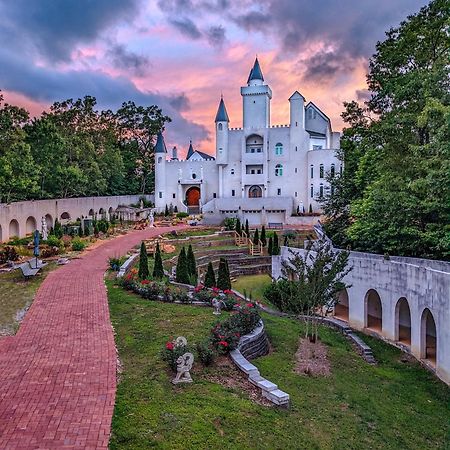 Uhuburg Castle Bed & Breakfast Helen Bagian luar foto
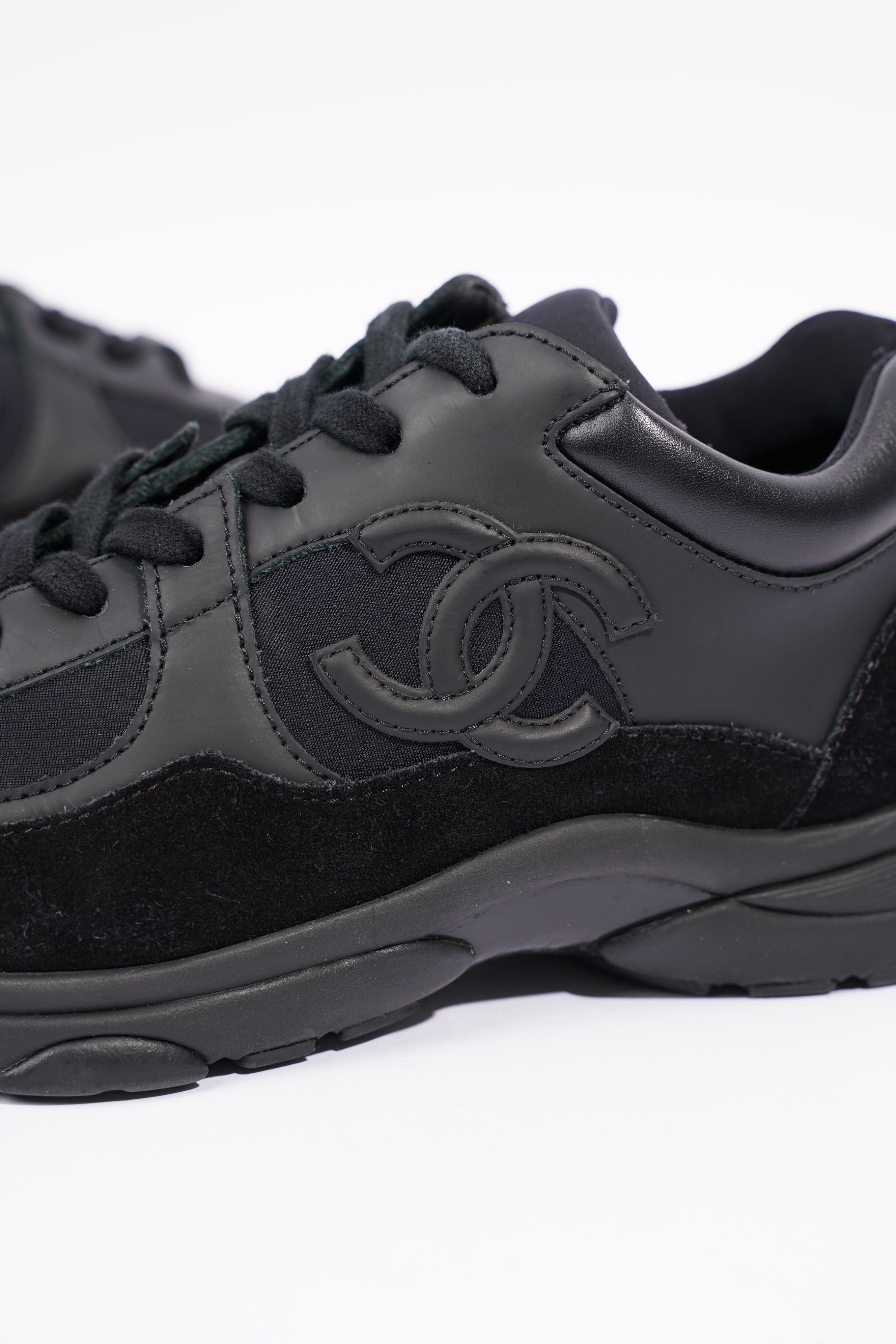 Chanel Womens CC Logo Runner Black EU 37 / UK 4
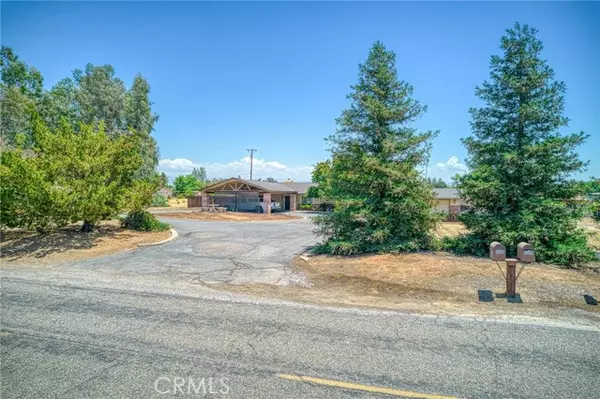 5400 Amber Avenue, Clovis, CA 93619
********************
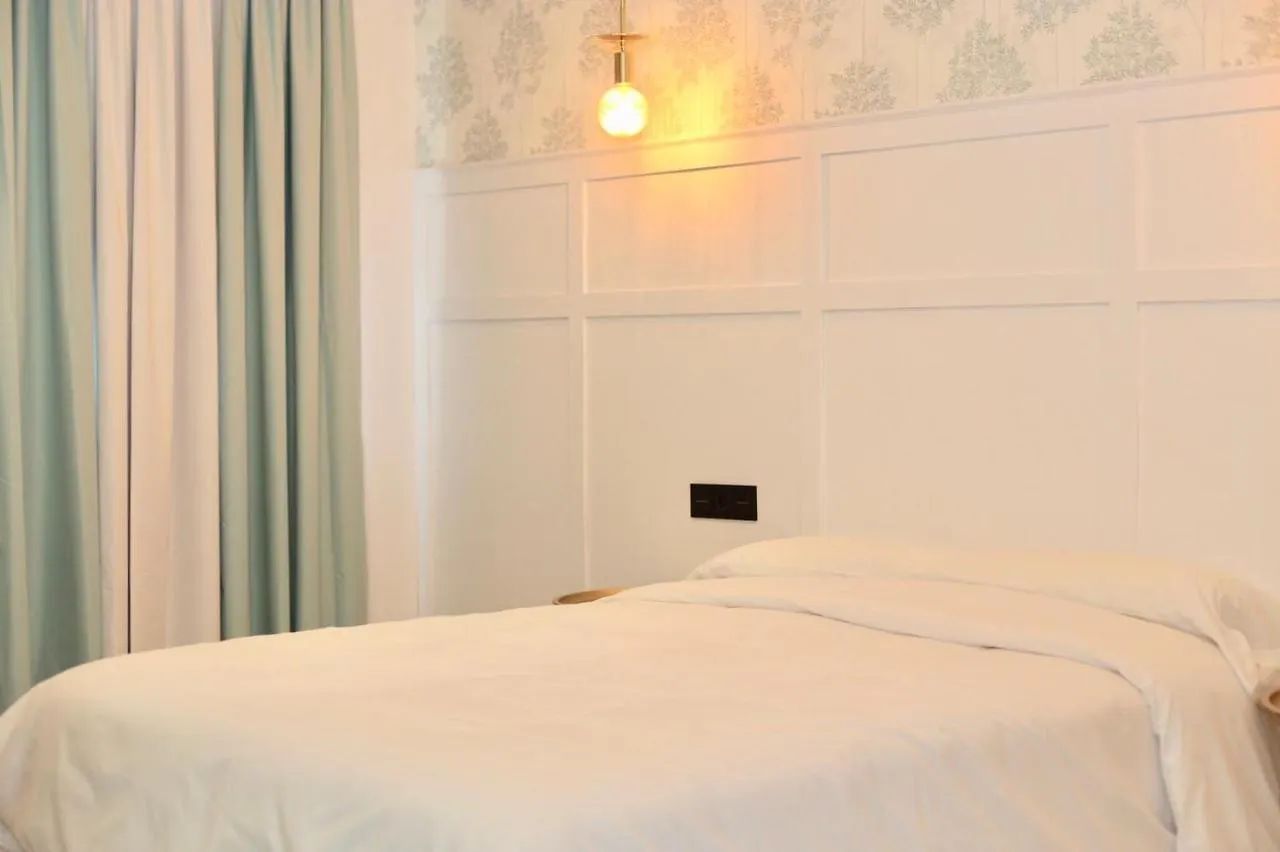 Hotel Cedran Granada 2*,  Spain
********************
*Your goal*: All that is wanted is the lines above between the one containing "Chanel Womens CC" and the one containing "5400 Amber Avenue, Clovis, CA 93619", inclusive, restated word for word, with pictures omitted.

*Output*:
 Chanel Womens CC Logo Runner Black EU 37 / UK 4
 5400 Amber Avenue, Clovis, CA 93619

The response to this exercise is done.